A sensação inicial é de que existe uma urgência em fugir da estética adotada pelo grupo no YouTube e na televisão, o que explica a aposta nessa sobriedade. No entanto, a estratégia não convence plenamente, uma vez que os tais esquetes insistem em surgir a cada cinco minutos, com maior ou menor eficácia, e que Porchat ainda carrega o mesmo ar histriônico dos vídeos publicados pelo canal – traço que felizmente se dissipa no desenrolar da trama.
Se há certa irregularidade na construção do protagonista, apesar da demonstração de habilidade do ator em se resguardar e manter o tom de seriedade, o problema é ainda maior no que diz respeito à maioria dos coadjuvantes. Davi (Marcos Veras), o melhor amigo, se resume a uma série interminável e constrangedora de piadas e comentários machistas e misóginos, e sua subtrama particular – ele acredita ter engravidado uma mulher em uma relação extra-conjugal – em nada acrescenta.
Em menor grau, Nildo (Luis Lobianco) até tem alguns bons momentos, sobretudo por seu caráter prestativo fazer contraponto ao egoísmo de Bruno, mas o ganho de importância em sua participação dá a impressão de um esquete que se prolonga mais do que o necessário e acaba perdendo a graça.

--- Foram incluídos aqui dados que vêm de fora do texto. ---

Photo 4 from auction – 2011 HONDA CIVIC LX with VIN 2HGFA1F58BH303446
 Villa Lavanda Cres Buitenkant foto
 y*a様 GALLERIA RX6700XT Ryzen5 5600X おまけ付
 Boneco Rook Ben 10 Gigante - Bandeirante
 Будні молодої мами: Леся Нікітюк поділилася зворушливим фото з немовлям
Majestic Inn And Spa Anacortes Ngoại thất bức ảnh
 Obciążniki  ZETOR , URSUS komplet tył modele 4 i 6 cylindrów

O psiquiatra vivido por Marcelo Valle é outro de potencial desperdiçado, pois não oferece maiores acessos além do que o próprio paciente já havia dito ou demonstrado.
Por outro lado, Irene Ravache, no papel de mãe do personagem principal, sabe dosar a preocupação pela condição do filho e seu humor descontraído e quase involuntário, e é a única personagem, além de Bruno, que não parece ser apenas um artifício para prolongar a duração do longa acrescentando diferentes elementos – somente a base da trama seria o suficiente para um curta bastante promissor, algo que talvez indique a dificuldade encarada pelos roteiristas (Ian SBF e também Porchat) ao explorar um formato para eles até então inédito.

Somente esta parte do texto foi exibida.